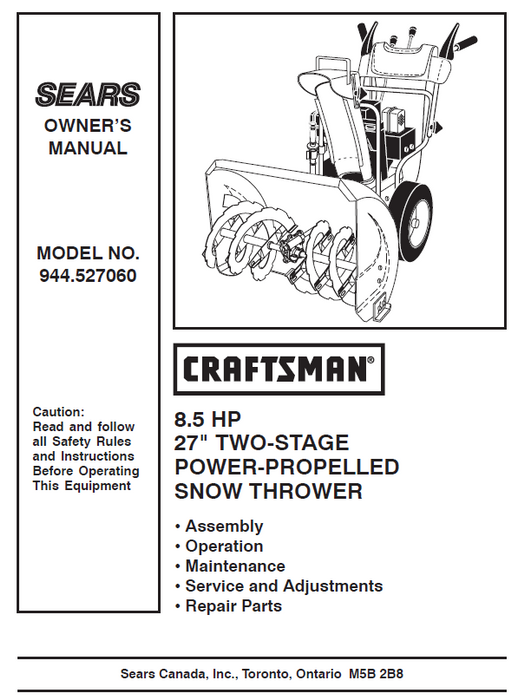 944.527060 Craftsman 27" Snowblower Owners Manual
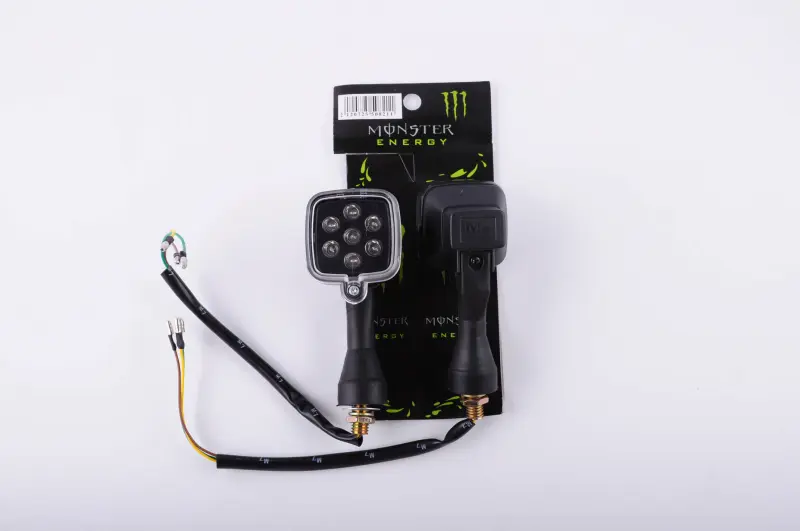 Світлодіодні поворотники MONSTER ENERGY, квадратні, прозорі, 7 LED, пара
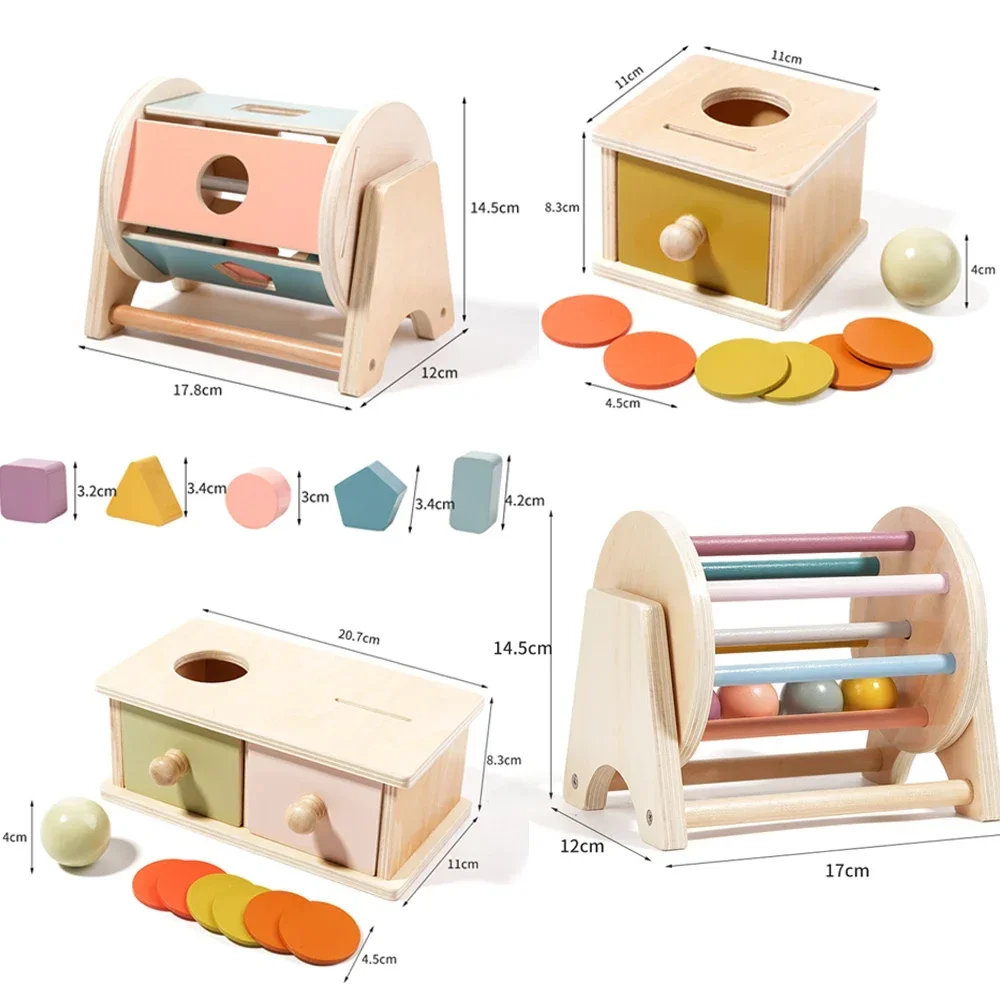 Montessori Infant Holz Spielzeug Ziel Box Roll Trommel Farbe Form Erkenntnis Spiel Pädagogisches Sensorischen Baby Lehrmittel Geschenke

==

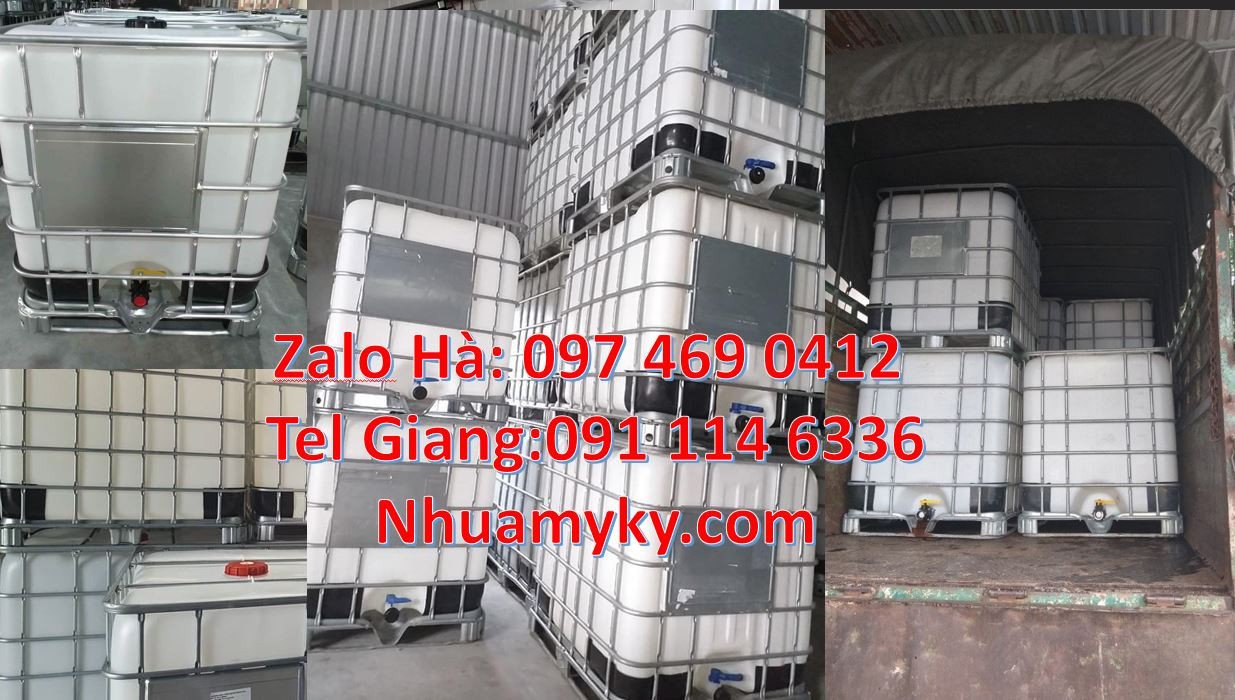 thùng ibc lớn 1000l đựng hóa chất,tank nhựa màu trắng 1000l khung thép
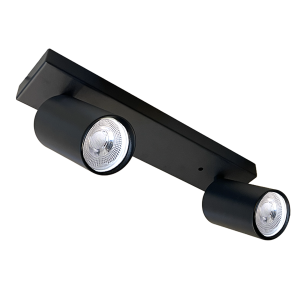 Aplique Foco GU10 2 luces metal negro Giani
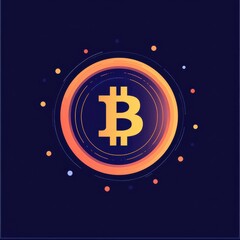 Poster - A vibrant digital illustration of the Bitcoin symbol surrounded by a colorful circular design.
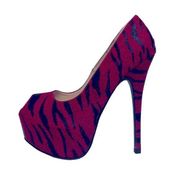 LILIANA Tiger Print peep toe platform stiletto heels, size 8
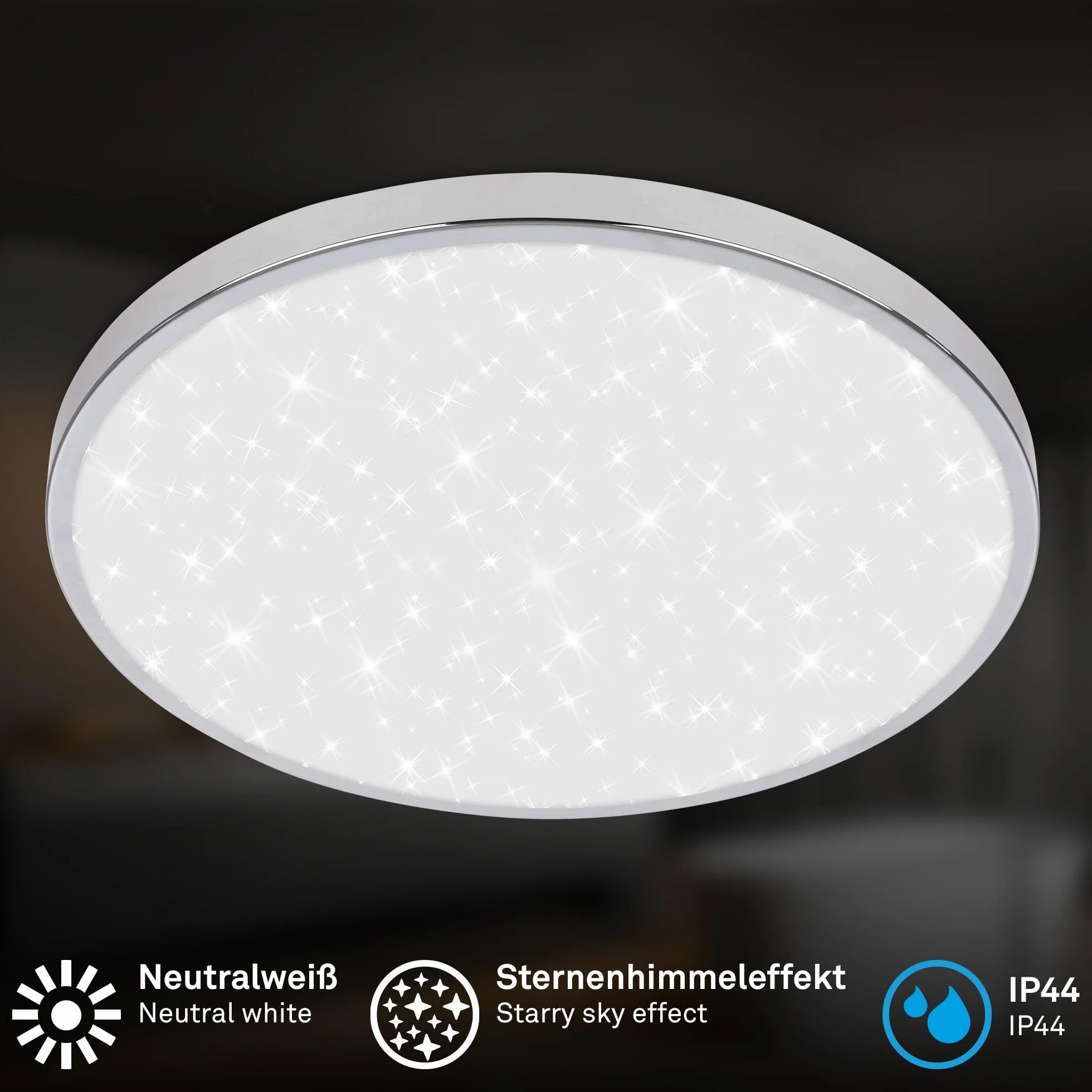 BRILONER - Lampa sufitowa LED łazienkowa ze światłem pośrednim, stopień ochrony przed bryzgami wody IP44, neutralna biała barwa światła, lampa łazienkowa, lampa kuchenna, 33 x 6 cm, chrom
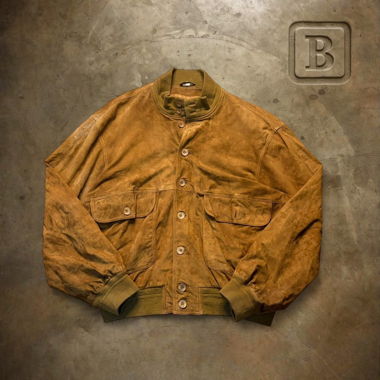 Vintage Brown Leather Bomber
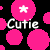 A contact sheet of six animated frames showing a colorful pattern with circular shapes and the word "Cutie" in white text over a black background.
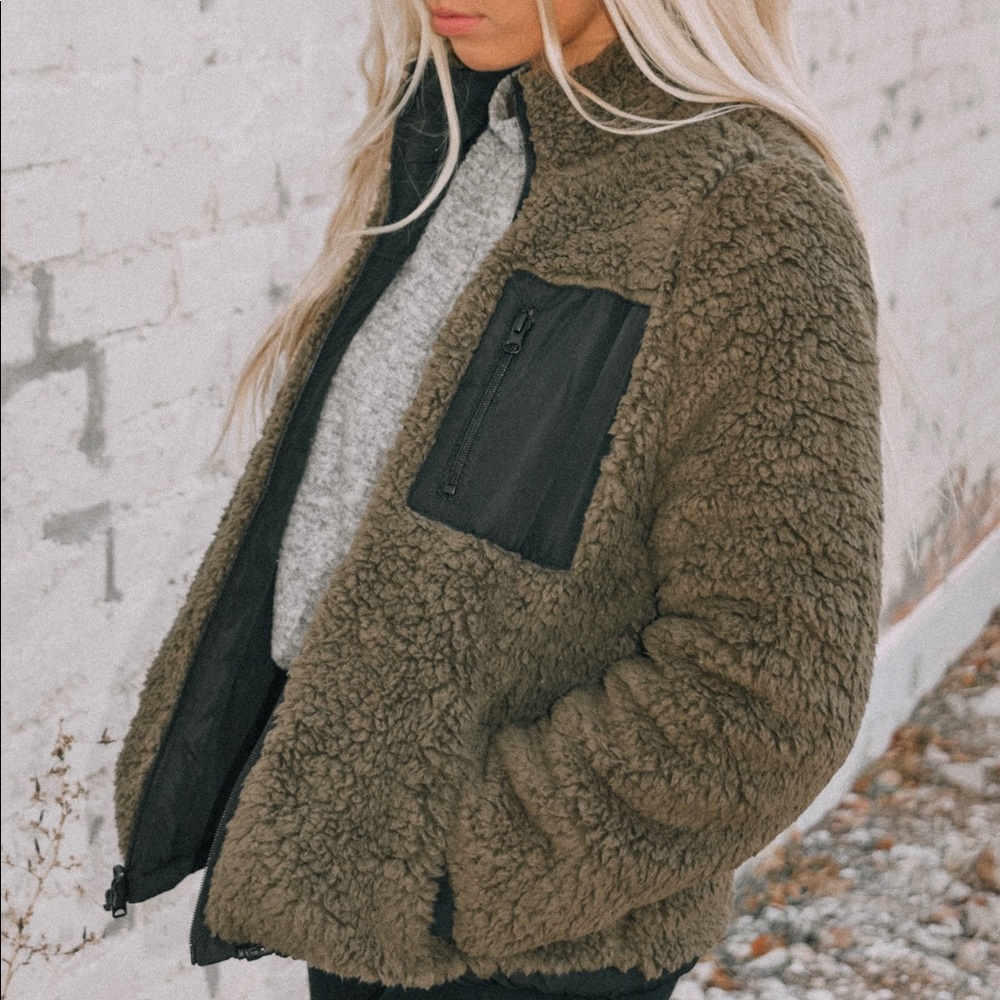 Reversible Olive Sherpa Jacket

---

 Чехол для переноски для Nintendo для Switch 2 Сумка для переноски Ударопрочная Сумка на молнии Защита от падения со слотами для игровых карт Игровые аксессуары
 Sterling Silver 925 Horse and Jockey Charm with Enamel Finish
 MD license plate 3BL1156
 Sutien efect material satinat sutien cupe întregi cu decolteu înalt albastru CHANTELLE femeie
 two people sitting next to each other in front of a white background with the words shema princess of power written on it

__What you are asked to do__
From the records above, write out exactly the lines that begin at the line with "thùng ibc lớn" and end at the line with "Reversible Olive Sherpa Jacket". Pictures must not appear in the output.

__Solution to this exercise__
 thùng ibc lớn 1000l đựng hóa chất,tank nhựa màu trắng 1000l khung thép
 Aplique Foco GU10 2 luces metal negro Giani
 Poster - A vibrant digital illustration of the Bitcoin symbol surrounded by a colorful circular design.
 LILIANA Tiger Print peep toe platform stiletto heels, size 8
 BRILONER - Lampa sufitowa LED łazienkowa ze światłem pośrednim, stopień ochrony przed bryzgami wody IP44, neutralna biała barwa światła, lampa łazienkowa, lampa kuchenna, 33 x 6 cm, chrom
 Vintage Brown Leather Bomber
 A contact sheet of six animated frames showing a colorful pattern with circular shapes and the word "Cutie" in white text over a black background.
 Reversible Olive Sherpa Jacket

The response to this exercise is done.